None of it seemed real as Phillips ducked behind his dashboard. When he peeked back up moments later, the view was terrifying.

“He had turned from the door of the courthouse and crossed the street and was coming in the parking lot and was basically coming right towards me,” he explained. “For a second, I didn't know what to do. He didn't take but a few steps into the parking lot when he hit the pavement and dropped down. He kind of hit the ground and then rolled. I didn't know if he had been shot and that's why he hit the ground, or that he was trying to avoid getting shot and was going to crawl around and use the cars as a shield.”

Phillips' fight or flight response then kicked in.

“I put the car in reverse and backed out of the driveway and took off down Wood Street. I remember feeling it took forever to get the car into gear, although I'm sure it was half a second or so.
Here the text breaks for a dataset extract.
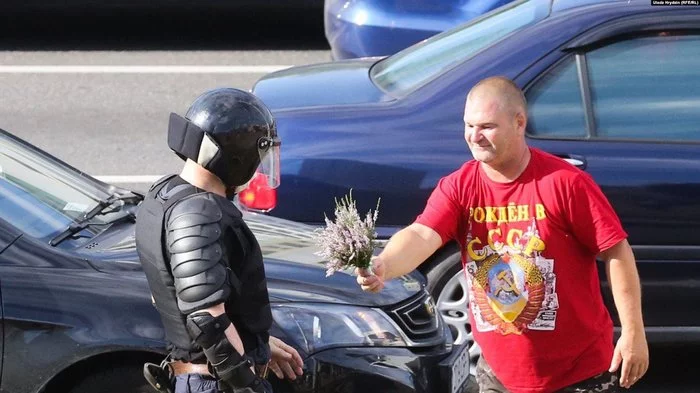 When I wanted to say thank you for the “strong hand” - Politics, Republic of Belarus, the USSR, Riot police, Protests in Belarus, Flowers, Detention, The photo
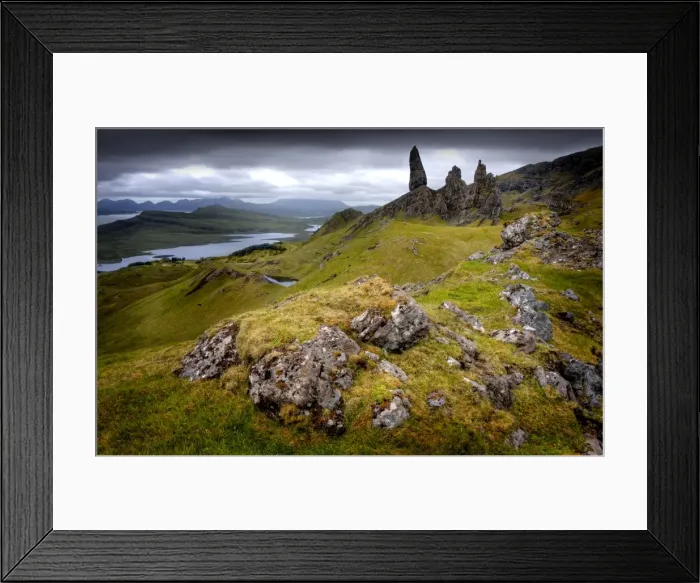 Framed Print : Old man of Storre, Isle of Skye, Inner Hebrides, Scotland Framed Print : Old man of Storre, Isle of Skye, Inner Hebrides, Scotland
I was breathing hard and still trying to figure out what just happened,” he said.

Yet then, Phillips decided to turn around so that he could tell police what he had seen. They ushered him to safe locations several times, as law enforcement set up a command center. Eventually, police took his statement and he left the scene about 10 a.m. Because his car was inside police barricades, he walked across downtown to Thompson & Knight's office.

From paralegal Gravois' perspective looking out her firm's window, she saw something that Phillips did not: the moment when a group of heavily armed officers, walking behind rally shields, descended on the shooter and took him down. One plain-clothes officer even flew out of a car and went straight into the fray, she said.

“I was so impressed. It was crazy,” she said.

Later, Gravois and her colleagues heard a voice over their building's intercom telling them to retreat to the far side of their building, because police suspected a bomb could be in the shooter's vehicle. Later, she and the rest of the building's occupants were evacuated out of the entire building and set up a temporary office in a nearby hotel, she said.

“I was super, super shocked the whole time,” Gravois. said. “It's one of those things you feel you are watching it in a movie.”